Enzyme-Catalyzed Synthesis of Chiral Primary Amines

  • Author: ChemistryViews.org
  • Published: 11 May 2020
  • Copyright: Wiley-VCH Verlag GmbH & Co. KGaA
  • Source / Publisher: Chemical Science/Royal Society of Chemistry
  • Associated Societies: Royal Society of Chemistry (RSC), UK
thumbnail image: Enzyme-Catalyzed Synthesis of Chiral Primary Amines

Chiral amines are useful intermediates in organic synthesis, e.g., for the preparation of pharmaceutically active compounds. Biocatalysis is a promising approach to creating such amines under mild conditions and without hazardous reagents. Imine reductases (IREDs), for example, are enzymes that can catalyze the reduction of prochiral imines to chiral amines.
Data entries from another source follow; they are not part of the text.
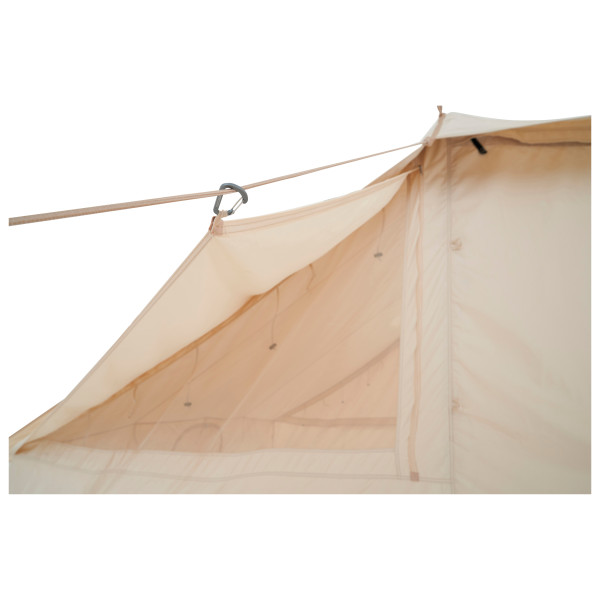 Nordisk - Utgard Sky 13.2 Technical Cotton Tent - Gruppenzelt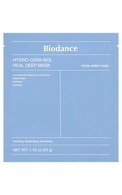  BIODANCE undefined BIODANCE Hydro Cera-nol Real Deep hidrogela sejas maska, 34g  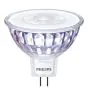 Philips Corepro LED Spot GU5.3 MR16 7W 660lm 36D - 840 Zimna Biel | Zamienne 50W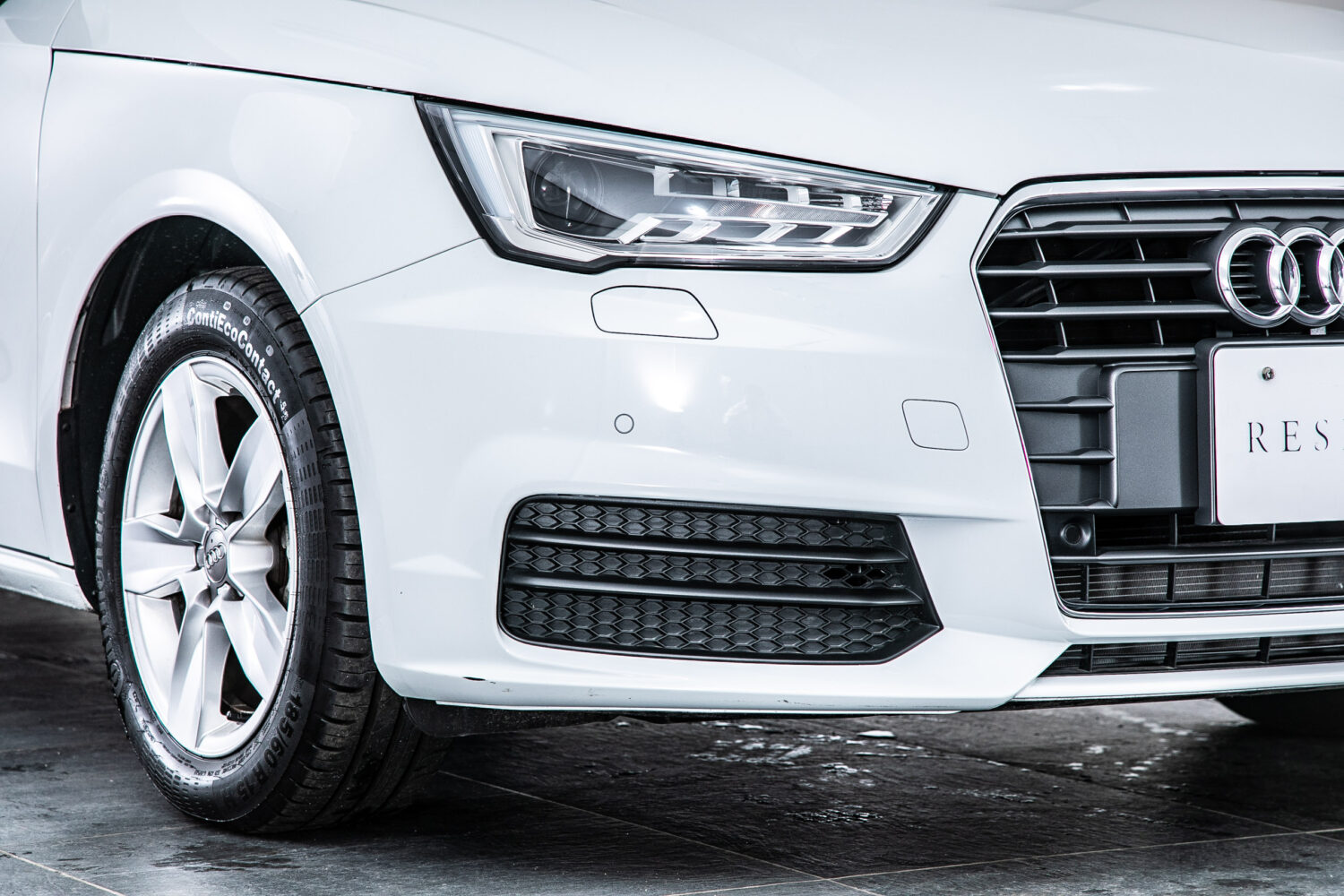 A1スポーツバック 1.0TFSI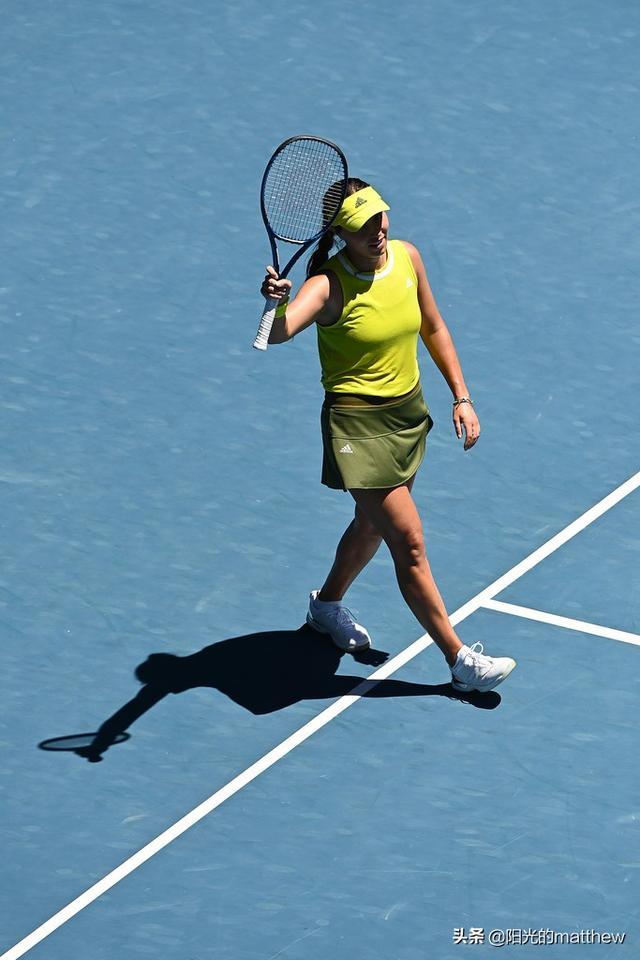 她未能在第 她未能在第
Reductive aminases, a subtype of IREDs, can promote reductive aminations of carbonyl compounds in water in the presence of amine donors. However, these enzymes so far provide poor conversions when ammonia is used as the amine source.


Gideon Grogan, University of York, UK, Nicholas J. Turner, University of Manchester, UK, and colleagues have found two reductive aminases that can use ammonia as the amine partner and efficiently catalyze the formation of chiral primary amines (pictured). The reductive aminases, NfRedAm and NfisRedAm, were first isolated from the fungi Neosartorya fumigata and Neosartorya fischeri, respectively. The team first explored the substrate scope of the enzymes using carbonyl compounds such as ketoesters, cyclic ketones, or aliphatic ketones and reacting them with short-chain amines, e.g., propargylamine or allylamine. They found that both enzymes allow the synthesis of chiral secondary amines or lactams from these substrates. The two enzymes achieve similar conversions in this type of reaction.


The team then investigated whether ammonia can be used as the amine source to make primary amines. They found that both NfRedAm and NfisRedAm achieve higher conversions in this reaction than previously used reductive aminases. The enzymes also have a higher thermostability than other enzymes within the same family. According to the researchers, these biocatalysts could have potential for large-scale, industrial applications.